TASK PROMPT
Show all lines from the records below in which the string "Chapter" is present.
........
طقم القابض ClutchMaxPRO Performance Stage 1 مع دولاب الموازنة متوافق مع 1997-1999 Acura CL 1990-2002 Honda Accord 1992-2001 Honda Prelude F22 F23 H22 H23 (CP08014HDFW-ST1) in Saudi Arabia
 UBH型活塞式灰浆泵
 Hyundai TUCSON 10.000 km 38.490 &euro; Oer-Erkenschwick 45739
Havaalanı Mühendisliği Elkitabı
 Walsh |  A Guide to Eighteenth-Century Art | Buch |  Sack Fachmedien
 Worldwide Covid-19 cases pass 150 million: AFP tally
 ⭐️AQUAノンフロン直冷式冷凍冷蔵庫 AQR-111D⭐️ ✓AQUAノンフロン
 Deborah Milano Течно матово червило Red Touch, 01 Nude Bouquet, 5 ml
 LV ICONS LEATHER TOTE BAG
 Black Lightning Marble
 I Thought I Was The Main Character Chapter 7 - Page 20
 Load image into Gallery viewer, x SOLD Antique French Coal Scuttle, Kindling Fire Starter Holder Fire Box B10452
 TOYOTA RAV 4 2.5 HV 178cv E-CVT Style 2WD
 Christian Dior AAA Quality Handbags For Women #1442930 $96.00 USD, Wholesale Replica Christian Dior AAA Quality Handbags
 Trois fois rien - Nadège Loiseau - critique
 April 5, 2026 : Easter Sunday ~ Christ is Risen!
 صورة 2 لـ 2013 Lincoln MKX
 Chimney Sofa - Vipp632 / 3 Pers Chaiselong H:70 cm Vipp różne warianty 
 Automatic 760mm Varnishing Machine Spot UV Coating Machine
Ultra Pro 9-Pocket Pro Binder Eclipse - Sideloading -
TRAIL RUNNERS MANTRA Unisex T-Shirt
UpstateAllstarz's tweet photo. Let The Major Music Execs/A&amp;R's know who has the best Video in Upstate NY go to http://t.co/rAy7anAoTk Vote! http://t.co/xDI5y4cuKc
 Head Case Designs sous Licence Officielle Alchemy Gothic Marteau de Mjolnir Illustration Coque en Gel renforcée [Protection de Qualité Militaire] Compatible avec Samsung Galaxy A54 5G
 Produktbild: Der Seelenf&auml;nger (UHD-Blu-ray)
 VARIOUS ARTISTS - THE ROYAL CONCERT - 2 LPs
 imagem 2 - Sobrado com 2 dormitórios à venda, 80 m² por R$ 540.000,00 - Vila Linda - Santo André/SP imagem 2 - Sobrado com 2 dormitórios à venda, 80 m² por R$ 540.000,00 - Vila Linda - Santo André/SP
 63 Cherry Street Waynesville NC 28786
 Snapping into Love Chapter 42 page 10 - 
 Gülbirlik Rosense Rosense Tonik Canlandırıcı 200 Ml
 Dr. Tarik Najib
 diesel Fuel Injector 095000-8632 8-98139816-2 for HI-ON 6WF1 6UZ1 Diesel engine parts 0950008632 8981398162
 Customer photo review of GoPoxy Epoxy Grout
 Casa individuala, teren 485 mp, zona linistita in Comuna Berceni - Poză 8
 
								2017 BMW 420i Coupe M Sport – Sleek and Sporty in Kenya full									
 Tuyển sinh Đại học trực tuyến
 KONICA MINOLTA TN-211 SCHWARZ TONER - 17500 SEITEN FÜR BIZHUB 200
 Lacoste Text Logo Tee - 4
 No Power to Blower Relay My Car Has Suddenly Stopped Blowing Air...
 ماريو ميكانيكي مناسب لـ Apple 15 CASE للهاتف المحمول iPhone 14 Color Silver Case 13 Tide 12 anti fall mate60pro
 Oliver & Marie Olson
........
RESPONSE TO THIS TASK
 I Thought I Was The Main Character Chapter 7 - Page 20
 Snapping into Love Chapter 42 page 10 - 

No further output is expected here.